Activities were in abundance throughout the country last week to celebrate turning points and milestones in Panamanian history. Children, marching bands, beauty queens, and many more gathered in the wee hours of each morning to line up and proceed down the main boulevards of their local towns in grand style. Businesses closed while thousands lined the streets to gaze upon the day’s procession. Red, white, and blue Panamanian flags of all sizes waved in onlookers hands, adorned buildings, and decorated local parks and monuments.
The festivities are filled with history and folklore. Creatively handmade costumes and masks dot the parade throughout each town. Men wear elaborate paper-mache tooth filled devil masks as a religious representation of the devil fighting for possession of the human soul. Differing representations proliferate in varying regions of Panama, from the diablo sucio of the southern provinces, dressed in red and black stripes, to the diablo limpio dressed in white with satin handkerchiefs and bells.
Women wear extravagantly decorated polleras, the national Panamanian dress. Headdresses are equally elaborate and painstakingly made by hand. The origins are believed to be Spanish heritage and are strikingly beautiful. As you travel throughout Latin America, you will see reminiscent versions in each country.

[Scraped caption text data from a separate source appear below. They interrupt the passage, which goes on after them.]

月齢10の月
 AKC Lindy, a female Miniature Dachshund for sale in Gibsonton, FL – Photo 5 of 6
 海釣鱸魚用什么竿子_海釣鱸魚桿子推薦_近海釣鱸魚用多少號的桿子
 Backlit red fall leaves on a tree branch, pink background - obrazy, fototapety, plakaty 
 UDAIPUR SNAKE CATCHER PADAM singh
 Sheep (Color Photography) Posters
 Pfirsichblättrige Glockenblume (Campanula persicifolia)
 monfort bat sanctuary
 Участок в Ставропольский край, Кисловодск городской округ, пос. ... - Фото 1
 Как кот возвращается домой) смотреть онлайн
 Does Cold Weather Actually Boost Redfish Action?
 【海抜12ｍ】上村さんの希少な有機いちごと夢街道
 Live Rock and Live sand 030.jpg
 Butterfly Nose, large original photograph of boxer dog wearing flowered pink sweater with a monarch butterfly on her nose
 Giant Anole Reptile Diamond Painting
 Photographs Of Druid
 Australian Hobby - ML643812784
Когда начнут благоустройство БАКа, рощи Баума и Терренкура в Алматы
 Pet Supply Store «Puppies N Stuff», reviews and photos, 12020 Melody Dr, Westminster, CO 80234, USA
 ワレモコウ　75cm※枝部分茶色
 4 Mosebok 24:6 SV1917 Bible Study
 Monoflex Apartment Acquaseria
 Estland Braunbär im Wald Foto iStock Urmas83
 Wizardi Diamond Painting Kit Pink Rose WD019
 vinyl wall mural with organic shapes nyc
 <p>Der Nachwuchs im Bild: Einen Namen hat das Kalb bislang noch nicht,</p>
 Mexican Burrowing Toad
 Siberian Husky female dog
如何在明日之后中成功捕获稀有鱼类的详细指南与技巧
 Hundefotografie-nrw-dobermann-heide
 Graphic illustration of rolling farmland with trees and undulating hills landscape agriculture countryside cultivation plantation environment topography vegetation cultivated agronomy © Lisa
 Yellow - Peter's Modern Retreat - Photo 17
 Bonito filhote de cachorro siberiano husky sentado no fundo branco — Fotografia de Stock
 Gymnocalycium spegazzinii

Panama celebrates separating from Colombia in 1903, adopting their national flag in 1925, and Colon Day during this period. Throughout the rest of the month, more celebrations arise from the independence from Spain gained in 1821. November is a patriotic month in Panama. You will find all the locals very proud of their young independent country when visiting. Panama is quickly rising to the top of the charts of Latin American countries, providing government stability, one of the fastest growing economies, and quickly becoming one of the largest banking hubs for thousands of corporations across the globe. No wonder why so many expats now call Panama home.